The new Audi SQ5 is a sleeper. You have to look hard at the details, like the quad exhaust pipes, wider wheels and tires and silver-toned trim to see
there's something special here. But realize the SQ5 is pretty special.
Behind the grill is a massaged version of the robust 333 hp supercharged 3.0-liter V6 from the Audi S4. But here they've dialed-up the boost and bolted on
a new intake and exhaust system to deliver 21 more horsepower and 22 more lb-ft of torque.
Yes, the V6 is paired to the ZF 8-speed automatic and not a version of the company's fun-loving dual-clutch gearbox. But the ZF automatic has been re-tuned
to deliver crisper shifts and quicker downshifts.
And when pressed hard, this is a mean beastie. Audi says the SQ5, which starts at $52,795, will hit 60 mph in 5.1 seconds. Now you'd have to spend about
ten grand more to whip an SQ5 in a drag race with another crossover or SUV. Yes, the $63,660 Jeep Grand Cherokee SRT8 with its monster V8 could do it. And
so could the Mercedes-Benz ML63 AMG. But when it comes to the Porsche Cayenne, only the $110,000 turbocharged model is quicker than the SQ5.
Audi has uncorked the blown six to deliver a sweet, turbine-like howl right up to and past 6000 rpm. It feels silky and sounds expensive. The thrust is so
linear that the SQ5 never clobbers you with a giant wallop of torque or a crescendo of horsepower—it just serves up speed effortlessly and smoothly.
As the transmission rips through upshifts under full throttle, the exhaust flaps actuate to create a wonderful snap from the pipes. It's like 6/10ths of
the growl and pop of an AMG exhaust. So around town that's just about perfect.
What's the best way to experience the SQ5? Customize the settings to all read "Dynamic" except the steering. You want to hear that intake and exhaust. You
want the transmission to be at it's most responsive. But the steering is best left in "Auto" mode because the added heft of "Dynamic" mode really doesn't
equate to better steering—just unnecessarily heavy steering.

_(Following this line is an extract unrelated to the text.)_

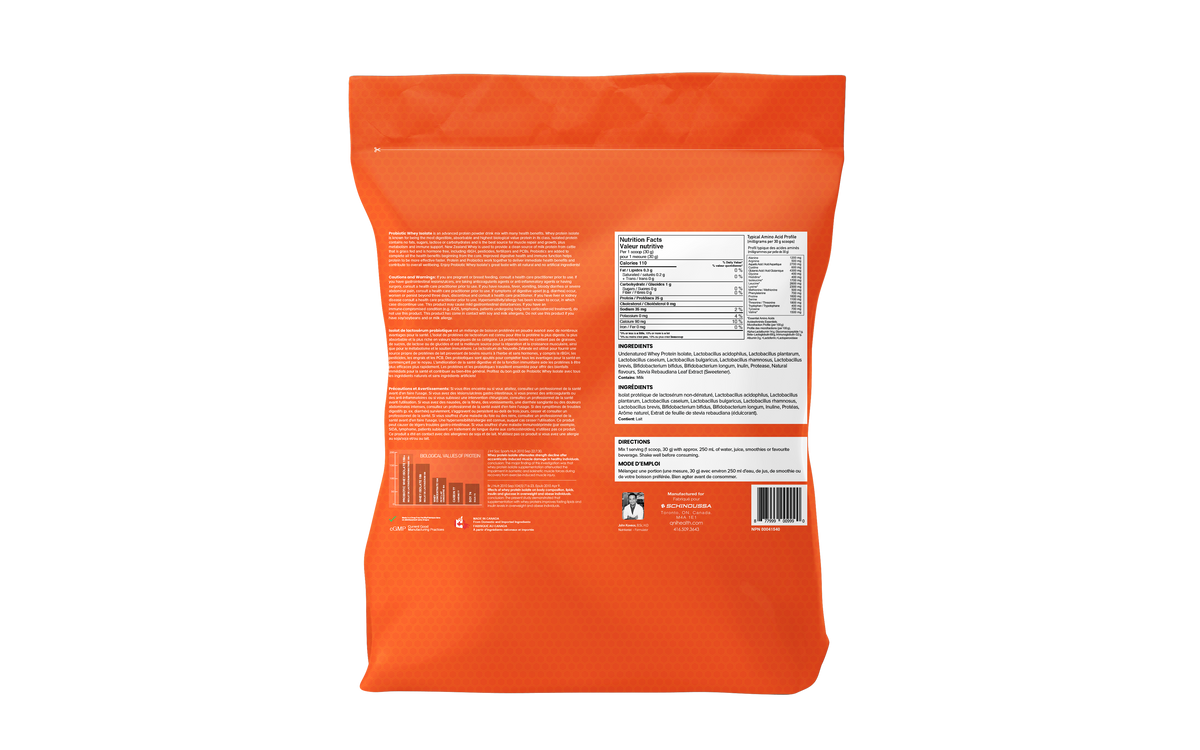 NEW ZEALAND PROBIOTIC WHEY ISOLATE PEANUT BUTTER CHOCOLATE PROTEIN POWDER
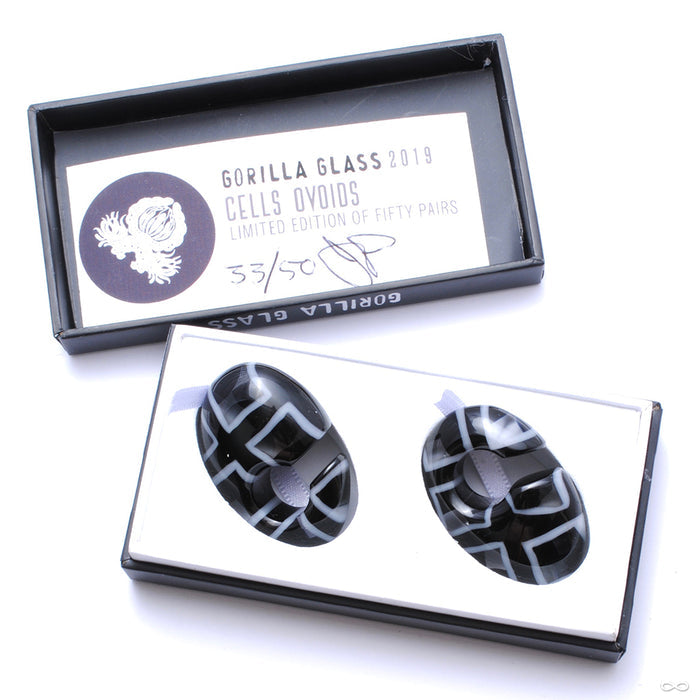 Cells Ovoids from Gorilla Glass with boxed design in custom box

The best part about the SQ5 is that it really shrinks around you as you drive it hard. The whole experience feels very solid, taut and controlled with
little roll and little sense you're in a crossover; it feels more like a large hot hatch.
For a moment, we left the unblemished Colorado mountain roads of this test drive in search of potholed dirt two-track. We found one and those brilliantly
sticky 21-inch summer tires might be too extreme for really bad roads. So if you live in NYC, LA or the D, the standard 20-inch tires might equate to a
little less morning coffee spilled on the trousers.
The SQ5 might be small and quick, but it's predictably useful, too. There's enough space in the cargo hold for a family's luggage and room in the rear seat
for a pair of baby seats—or six footers—to road-trip comfortably. And if you need to load more stuff and decide ,
sensors in the rack tell the ESP system to recalibrate and compensate for the extra weight up high. Smart.
As much as we dig the SQ5, we won't get the best one. European versions pack a 313-hp twin-turbocharged diesel with 479 (!) lb-ft of torque. And just to
make us extra crabby, the Euro SQ5s also get a lowered suspension and get better highway mileage. Boo.
The SQ5 is probably the most entertaining of all the small crossovers. It's combination of underhood punch and subtle performance details will make it a
stoplight shocker when it lines up against more obvious performance machines. But like most German luxury vehicles, it isn't hard to add lots of expensive
goodies and raise the SQ5's sticker north of $60,000.